Maybe the time-ghosts and Clarence can conspire over dinner breaks at Zach Theatre because for the second year, Austin favorite Martin Burke is back for his one-man This Wonderful Life from Nov. 28-Dec. 28. Meanwhile, at the Museum of Fine Arts, Houston (as part of Movies Houstonians Love), Catastrophic Theatre’s Tamarie Cooper will introduce a special showing of It’s a Wonderful Life on Dec. 17.

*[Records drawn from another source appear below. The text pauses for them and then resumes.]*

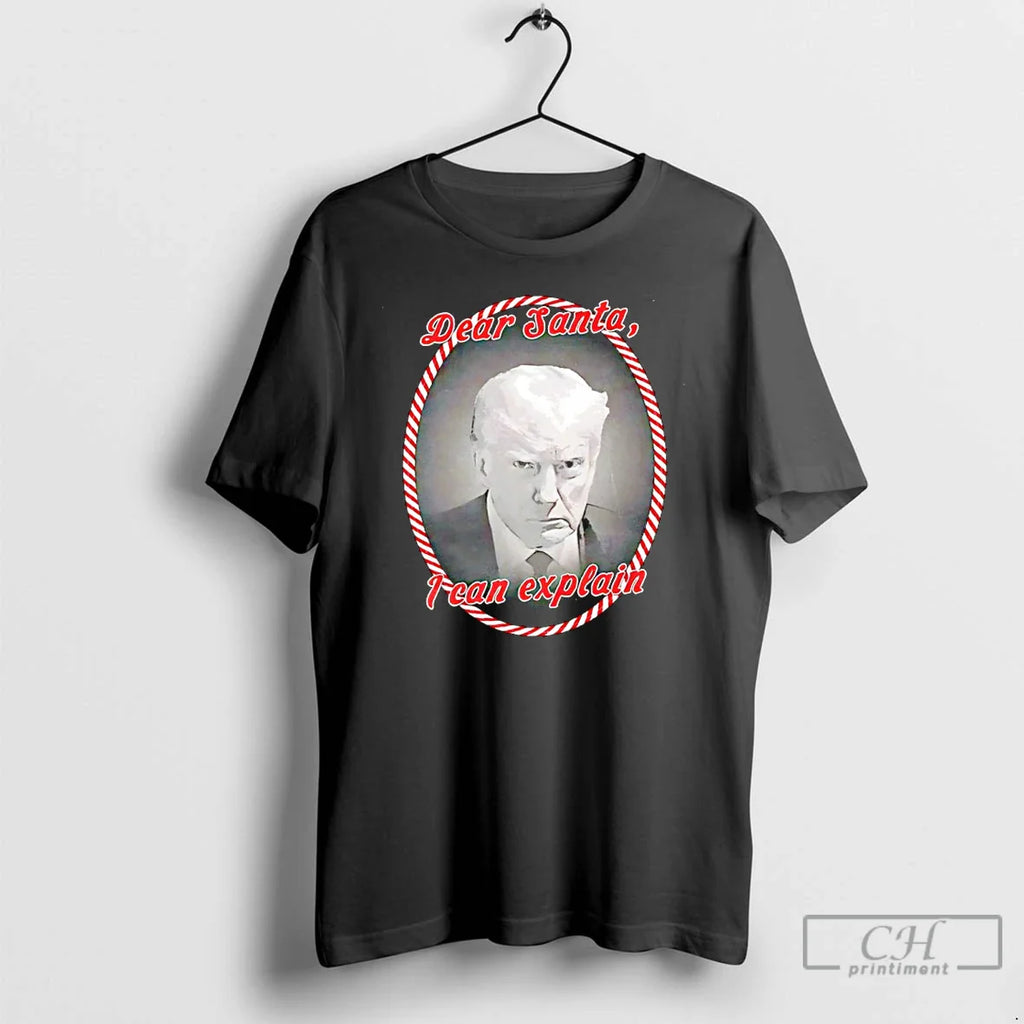 Dear Santa I Can Explain Trump T-Shirts, Hoodie, Sweatshirt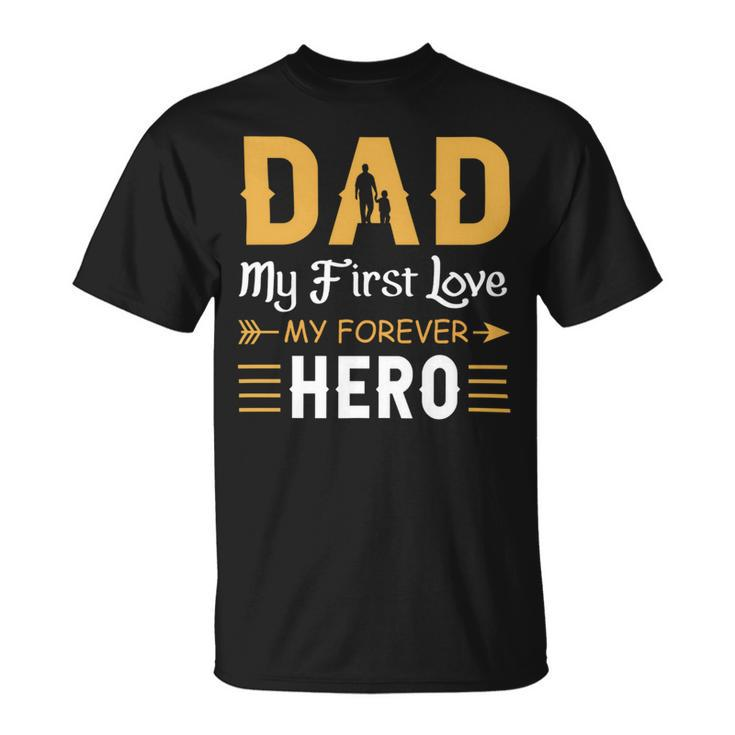 Dad My First Love My Forever Hero Unisex T-Shirt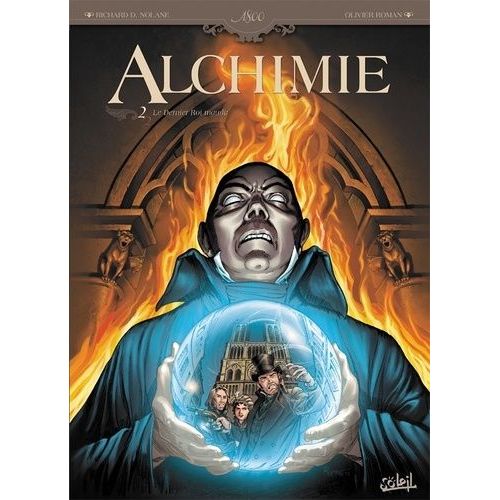 Alchimie Tome 2 - Le Dernier Roi Maudit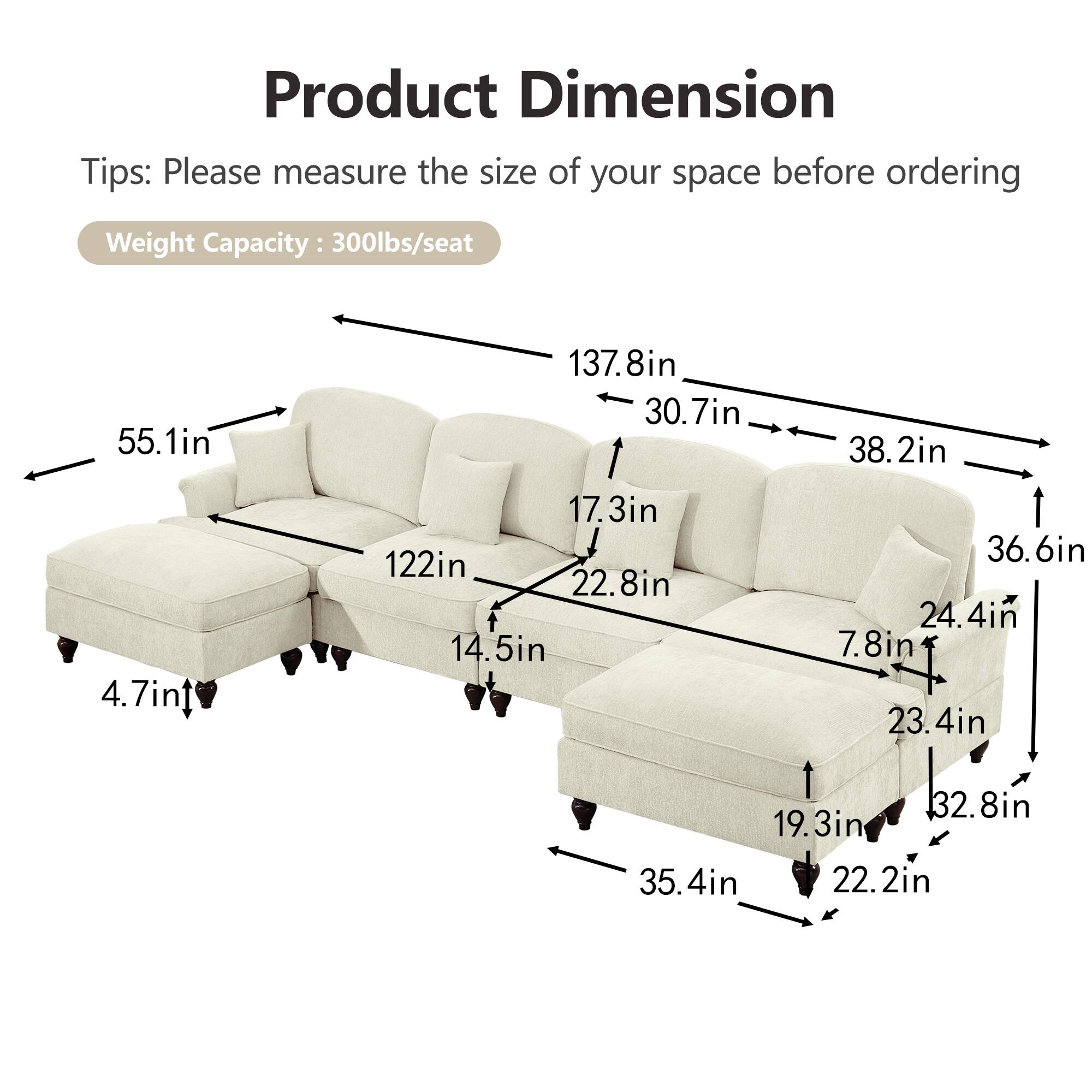 Product Dimension  
Tips: Please measure the size of your space before ordering  
Weight Capacity: 300lbs/seat  

- 55.1in  
- 137.8in  
- 30.7in  
- 17.3in  
- 122in  
- 22.8in  
- 14.5in  
- 38.2in  
- 36.6in  
- 24.4in  
- 7.8in  
- 23.4in  
- 32.8in  
- 19.3in  
- 35.4in  
- 22.2in  
- 4.7in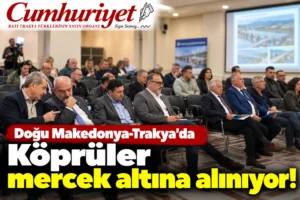 Doğu Makedonya–Trakya Eyaleti’nde köprüler mercek altına alınıyor!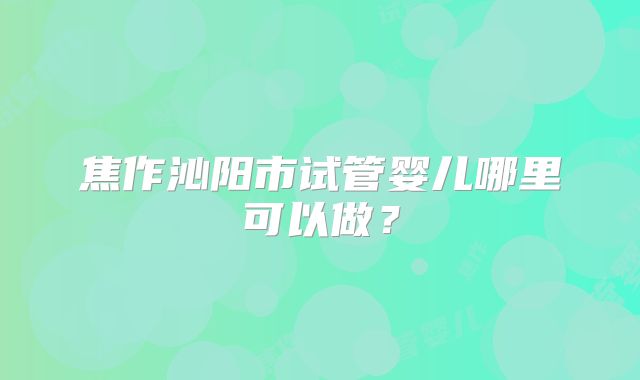 焦作沁阳市试管婴儿哪里可以做？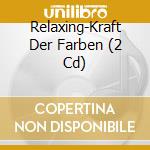 Relaxing-Kraft Der Farben (2 Cd) cd musicale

A Herd of Bullying Caribou Gamers
Quit putting on European airs, Dasher, Dancer et al: In North America, aerial or not, you’re caribou! While Rudolph and his band of Island of Misfit Toy friends, aka nerds, will save Christmas in the end in Rudolph the Red-Nosed Reindeer: The Musical at Bass Performance Hall in Fort Worth, Dec. 5–7, AT&T Performing Arts Center’s Majestic Theatre in Dallas, Dec. 16- 21 and Tobin Center for the Performing Arts in San Antonio, Dec. 22-24, those caribou might have let Rudolph join their reindeer games if Santa had taken steps to prevent a hostile work environment.
Mysterious Malcontents and Zombies
If Dallas/Fort Worth is the place for Scrooge, Houston is set for a holiday season of world premieres, which will likely introduce us to new rascals we’ll shower with holiday love. Every year, Stages keeps an old UK comic tradition, Christmas Panto—as in pantomime: Plays filled with plucky fairytale heroines, cross-dressing baddies, and bawdy jokes for adults that will fly over the heads of the little ones. This year the girl with the longest locks battles the Undead in Panto Rapunzel (and Zombies) running Dec. 4-Jan. 4. While not a world premiere, Stages’ other holiday show, Sister’s Christmas Catechism: The Mystery of the Magi’s Gold, might have the scariest Christmas character of all, a know-it-all Nun/Detective. Stark Naked Theatre will make their first holiday show memorable with the world premiere of Ho Ho Humbug ( Dec. 4-24), with playwright Scott Burkell playing a cynical New Yorker forced to sell his body as a Macy’s Santa in order to pay the rent. Horse Head Theatre wraps Abby Koenig’s one-women show The Jew Who Loves Christmas, into their Holiday Huzzah! holiday story open mic night on Dec. 13. Since Koenig has only performed the play once before, this is one theatrical regifting to keep.
One Hardcore New York Street Gang
This gang might look lovely dressed in golden bling, but if you cross the Rockettes, but these ladies can kick. They might say it’s for authenticity that they’re bringing live animals for a show-stopping live Nativity scene for the Theatre Under the Stars and Broadway at the Hobby Center presentation of Radio City Christmas Spectacular, Dec. 5-28, which includes the still adorable Parade of Wooden Soldiers number from 1933.
So there they are, those holiday thieves who annually steal our hearts. This year, no doubt, we’ll willingly put ourselves in their clutches once more and then hum a joyous Christmas melody as we leave the theater and count the 365 days until we can see them again.